Kurt Weckström

Personal information
- Full name: Kurt Gunnar Weckström
- Date of birth: 4 December 1911
- Place of birth: Helsinki, Grand Duchy of Finland
- Date of death: 7 January 1983 (aged 71)
- Place of death: Helsinki, Finland
- Position(s): Forward

Senior career*
- Years: Team / Apps / (Gls)
- 1929–1931: Vesa / – / (–)
- 1931–1934: KIF / 19 / (4)
- 1935–1949: HJK / 129 / (37)

International career
- 1931–1943: Finland / 35 / (10)

= Kurt Weckström =

Finnish footballer (1911-1983)

Kurt Gunnar Weckström (4 December 1911 – 7 January 1983) was a Finnish footballer. He earned 35 caps for the Finland national football team and was a member of the Finland squad at the 1936 Summer Olympics.

== Career ==
Weckström started his career in the Helsinki working class side Töölön Vesa, playing in the Finnish Workers' Sports Federation (TUL) Championship series. Due to the 1918 Civil War, Finnish football was divided, TUL and the Finnish Football Association (SPL) had their own leagues and the national team was composed of SPL players only.

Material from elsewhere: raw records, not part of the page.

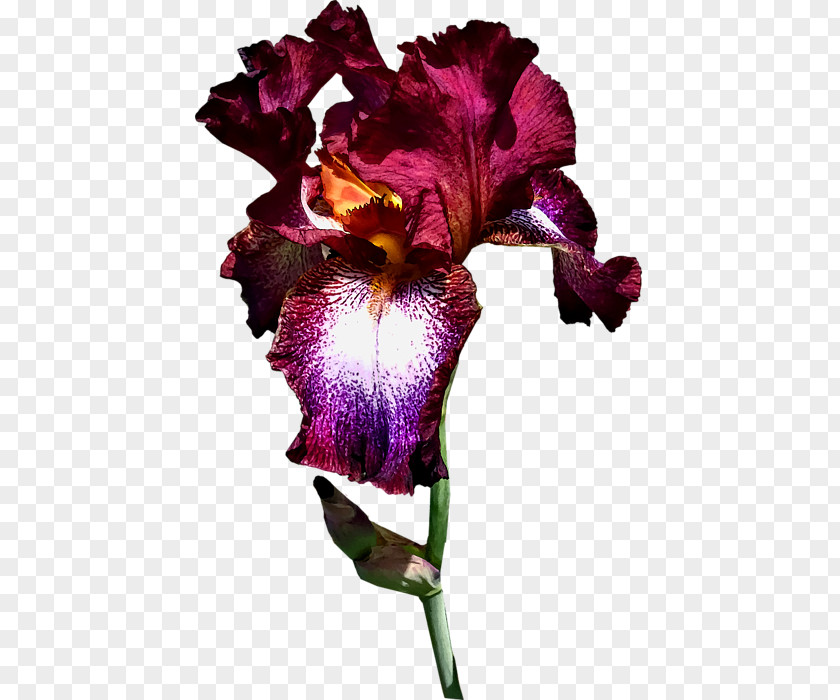 Wine Splash Violet Cattleya Orchids Family Violaceae PNG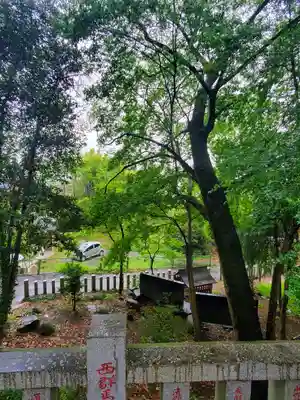 山名八幡宮(群馬県)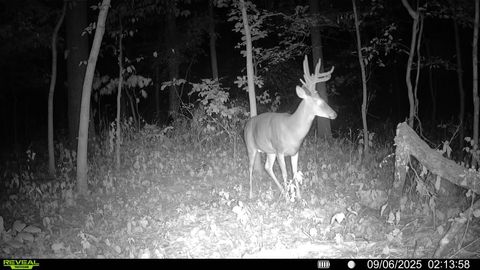 Tiny photo for 1981 Watercress Lane, Flora, IL 62839 (MLS # 12577168)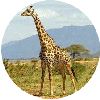 click for Giraffe globe
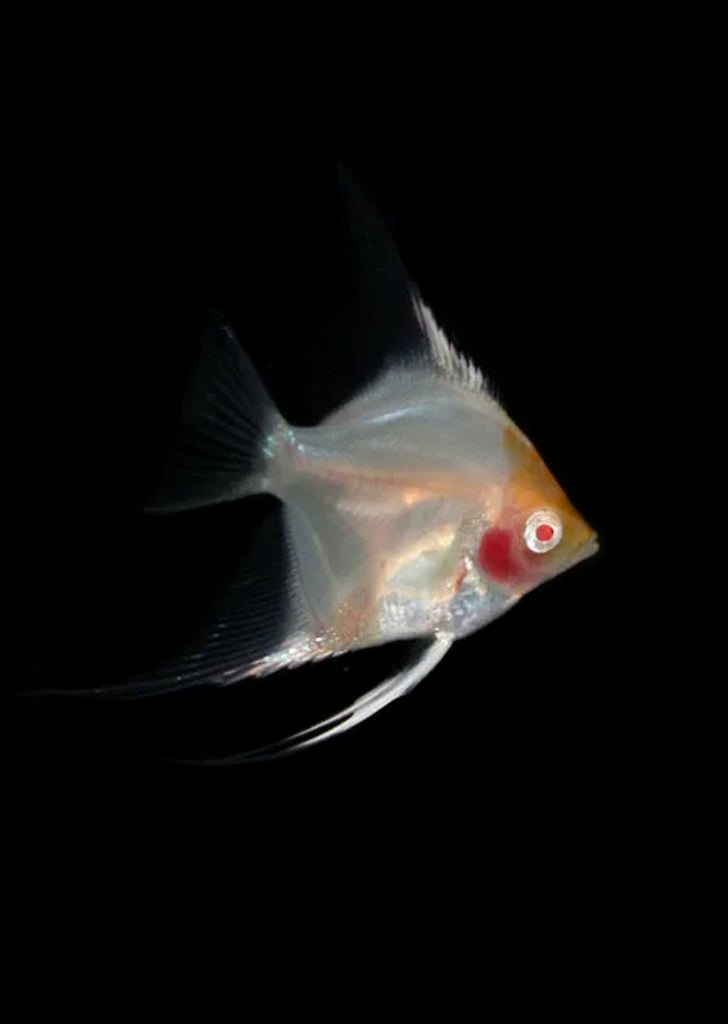 Åpex - Albino Red Cap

Weckström won the TUL Championship title in 1930 and was a member of the TUL football team at the 1931 Workers' Summer Olympiad in Vienna. Soon after the Olympiad, he defected to the ″bourgeoisie″ KIF Helsinki, which made him eligible for the national team. Weckström debuted for Finland in October 1931 against Denmark. In the Finland squad at the 1936 Summer Olympics, he was one of the eight former TUL players who had defected to the Finnish Football Association side.